> What this task involves:
Could you output each line below exactly as it appears, excluding any pictures?

[Brief descriptive captions]
┌──

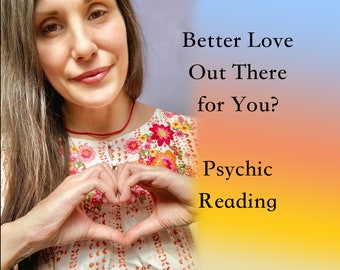 Love Psychic Reading: Is There Someone Better Out There?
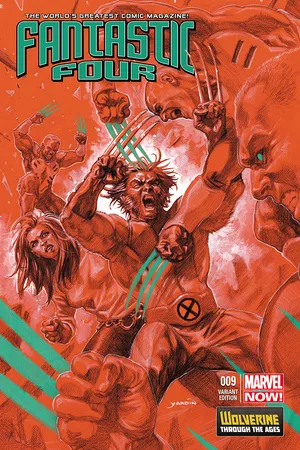 Fantastic Four (2012) #9 (Yardin Wolverine Costume Variant)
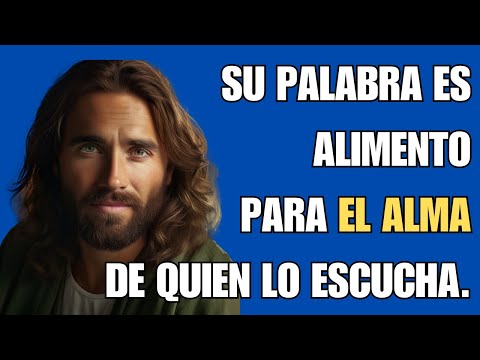 La palabra de Dios es alimento para tu alma.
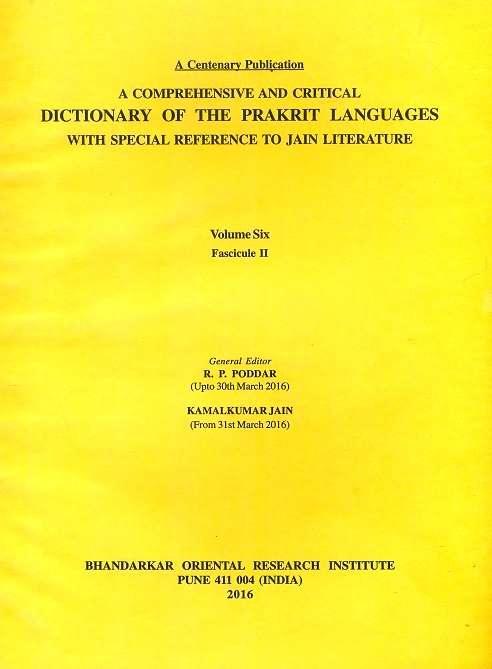 A comprehensive and critical dictionary of the Prakrit languages, with special reference to Jain literature, Vol.6, fascicule II, Gen. ed. R.P. Poddar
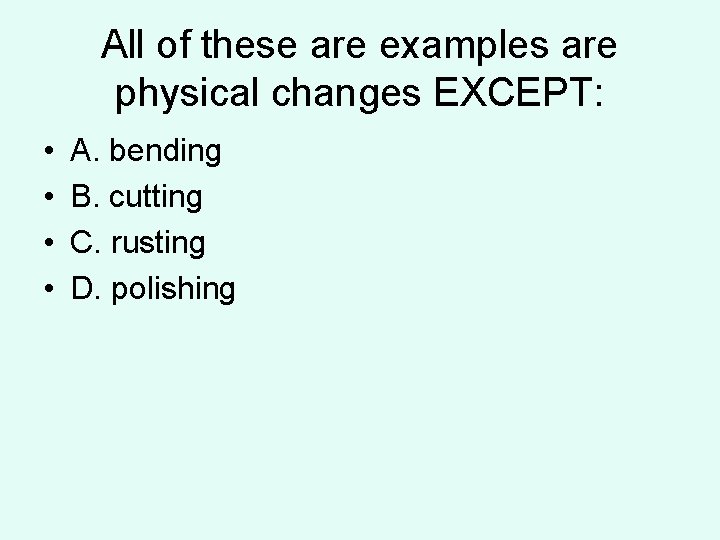 All of these are examples are physical changes EXCEPT: • • A. bending B. All of these are examples are physical changes EXCEPT: • • A. bending B.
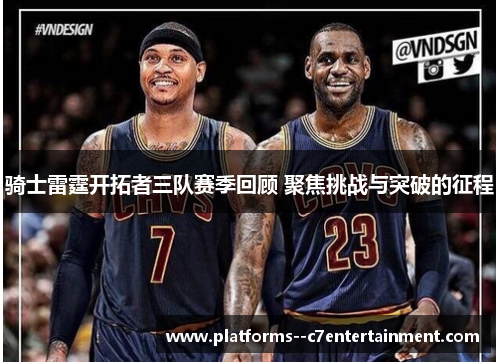 骑士雷霆开拓者三队赛季回顾 聚焦挑战与突破的征程
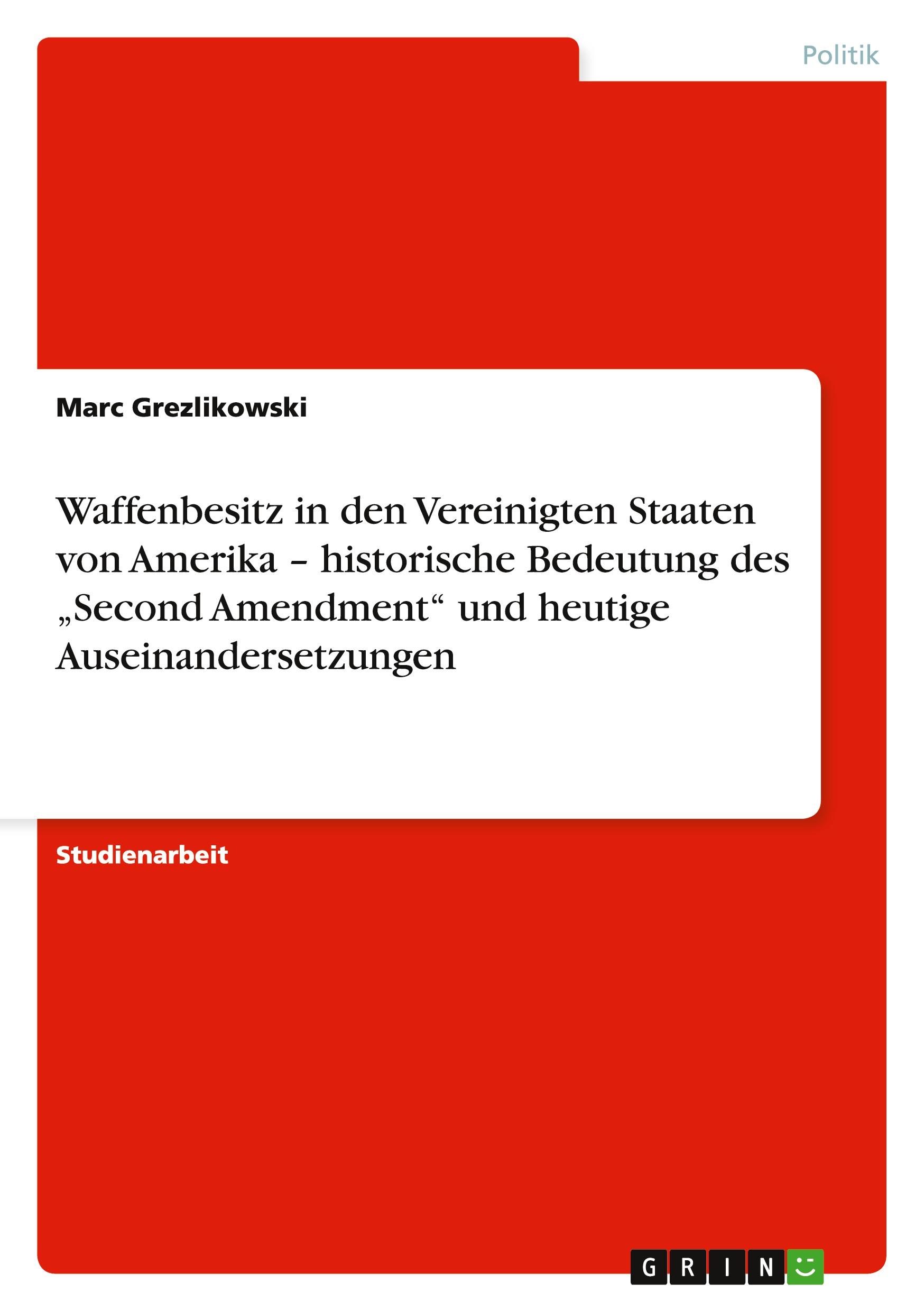 Cover: 9783640413713 | Waffenbesitz in den Vereinigten Staaten von Amerika - historische...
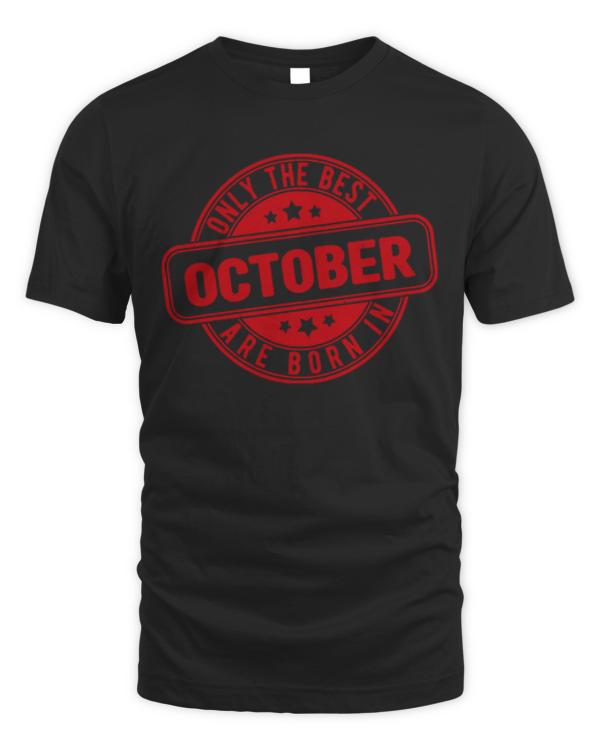 October T-Shirtonly the best are born in October T-Shirt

└──

> Solution below:
 Love Psychic Reading: Is There Someone Better Out There?
 Fantastic Four (2012) #9 (Yardin Wolverine Costume Variant)
 La palabra de Dios es alimento para tu alma.
 A comprehensive and critical dictionary of the Prakrit languages, with special reference to Jain literature, Vol.6, fascicule II, Gen. ed. R.P. Poddar
 All of these are examples are physical changes EXCEPT: • • A. bending B. All of these are examples are physical changes EXCEPT: • • A. bending B.
 骑士雷霆开拓者三队赛季回顾 聚焦挑战与突破的征程
 Cover: 9783640413713 | Waffenbesitz in den Vereinigten Staaten von Amerika - historische...
 October T-Shirtonly the best are born in October T-Shirt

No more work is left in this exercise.